Ashley s'est présentée à mon appartement le même après-midi, sans prévenir. Son visage était gonflé d'avoir pleuré.
« Stéphanie, ouvre la porte, s'il te plaît. Je sais que tu es là. »
Sa voix était désespérée. J'ai fini par l'ouvrir, plus par curiosité que par compassion.
« Ethan n'arrête pas de pleurer depuis qu'il a posté la vidéo », dit Ashley en entrant sans y être invitée. « Il reçoit des centaines de messages haineux. Ses collègues le regardent différemment. Certains clients ont annulé leurs rendez-vous avec lui. »
Sa description m'a procuré une satisfaction inattendue.
« Et je suis censé m'en soucier ? » ai-je demandé froidement.

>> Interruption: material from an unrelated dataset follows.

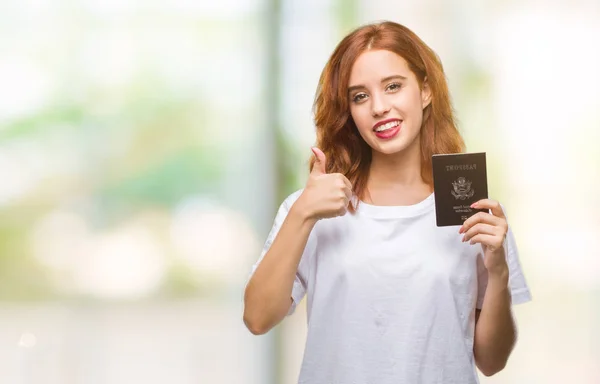 Joven Hermosa Mujer Con Pasaporte Los Estados Unidos América Sobre — Foto de Stock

Ashley s'est effondrée sur mon canapé.
« Stéphanie, il a fait ce que tu lui as demandé. Il a fait la vidéo publique. Il s'est complètement humilié. N'est-ce pas suffisant ? »
Sa question a révélé à quel point elle comprenait mal la situation.
« Ashley, » ai-je expliqué patiemment, « la vidéo n'efface pas 45 ans d'ingratitude. Elle n'annule pas l'humiliation du mariage. Elle ne répare pas les dommages émotionnels que vous m'avez tous deux causés pendant des années. »
Elle m'a regardé comme si j'étais déraisonnable.
« Mais il a présenté des excuses publiques. Il a reconnu ses erreurs. »
« Oui », ai-je acquiescé. « Après avoir découvert l’existence de mon argent. Après avoir su qu’il allait perdre un héritage de plusieurs millions de dollars. Crois-tu qu’il aurait fait cette vidéo si j’étais vraiment pauvre ? »
La question l'a laissée sans voix car nous connaissions toutes les deux la vérité.